2. Re:Ho Hum by flex941 · 2004-05-19 03:14 · Score: 2, Interesting
  
  Is it possible for Intel/AMD to make those chips so I can turn off the x86 emulation crap and use internal RISC directly ... so everyone could slowly migrate away from x86 and CISC?
AMD's Cool 'n Quiet by niko9 · 2004-05-19 00:20 · Score: 4, Interesting

...the Opteron 150 looks like the fastest x86 CPU on the planet.

I know I might be nitpicking here, but I really wish the Opteron series of chips incorporated AMD's Cool 'n Quite technology.
From what I read on their website, with a supporting motherboard and driver (2.6.5 has a native driver) the Athlon 64 can scale down to 800Mhz, cool enough for the system to shut the HSF and case fans completely offoff.

One demo I saw online had a Athlon 64 SFF computer playing a DVD while the AMD cool 'n quite app was shoing the the CPU at 80hz and the system was totally silent.

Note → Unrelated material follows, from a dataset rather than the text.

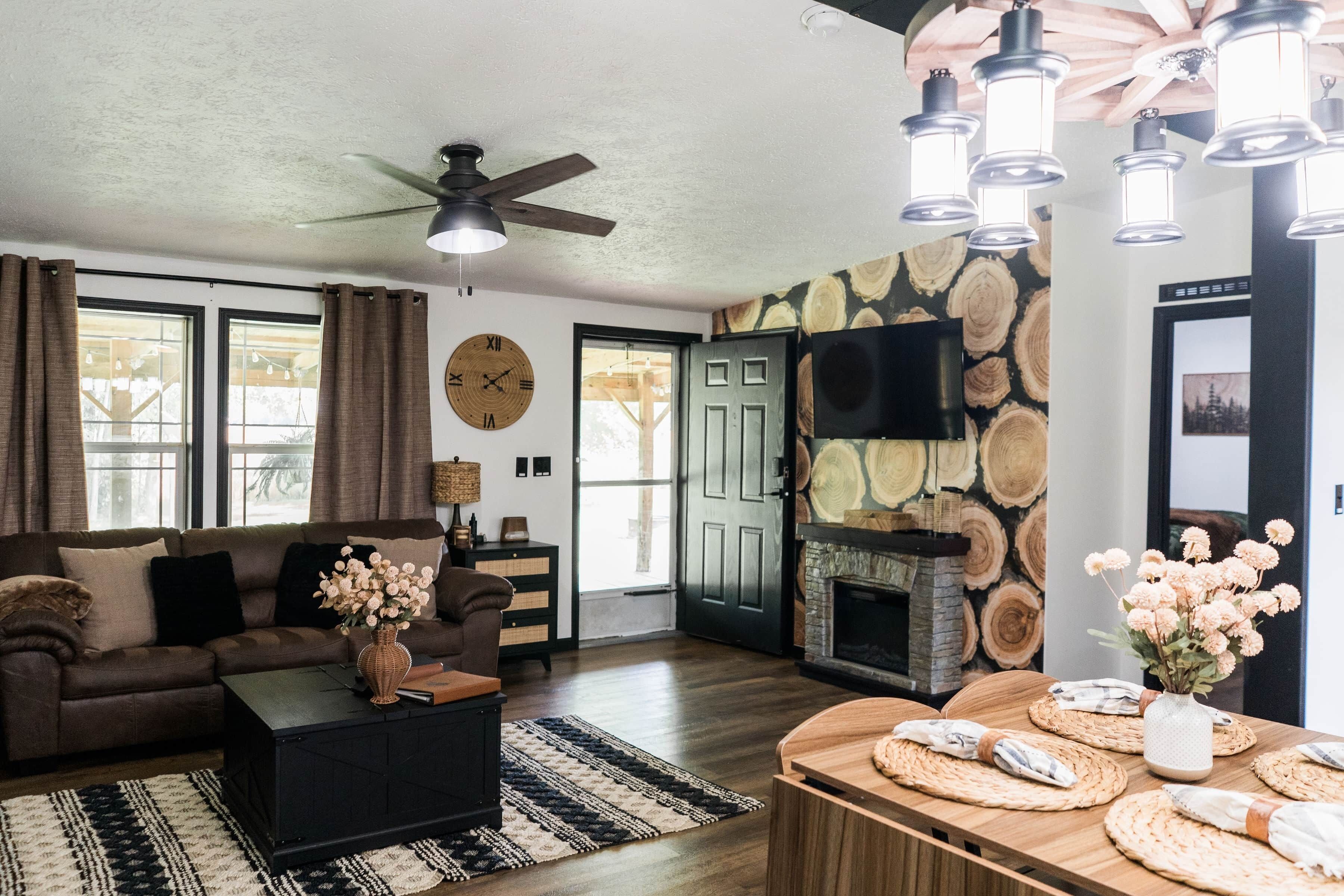 Una sala de estar con sofá, mesa de centro y chimenea. Hay un reloj en la pared y una puerta que conduce a otra habitación.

Coudn't server rooms benfit from the reduced electricuty bill also?
Re:The Conclusion... by Jeff+DeMaagd · 2004-05-19 00:24 · Score: 4, Interesting

The reason is that a three-drop bus used for Xeon DP (533MHz bus), five-drop for Xeon MP (400MHz bus), can't operate as fast signalling-wise as a point-to-point bus used for Pentium 4 and all Athlon systems, 1 and 2 processor. Terminmation was just too difficult, I think. Before Hypertransport, the wiring for multiprocessing with only a point-to-point bus was rediculously expensive, particularly on the chip that connects the CPUs to the rest of the system.

AMD got a little unconventional and this time it paid off on Opteron. It didn't work so well with the Athlon MP because of this wiring problem, too many wires, too expensive of a core chip, it was 1000+ pins when 600 pins was thought to be expensive.
Re:Waste of time... by phoxix · 2004-05-19 00:57 · Score: 2, Interesting

Can somebody please benchmark a dual AMD opteron against a dual PPC 970 (MAC G5)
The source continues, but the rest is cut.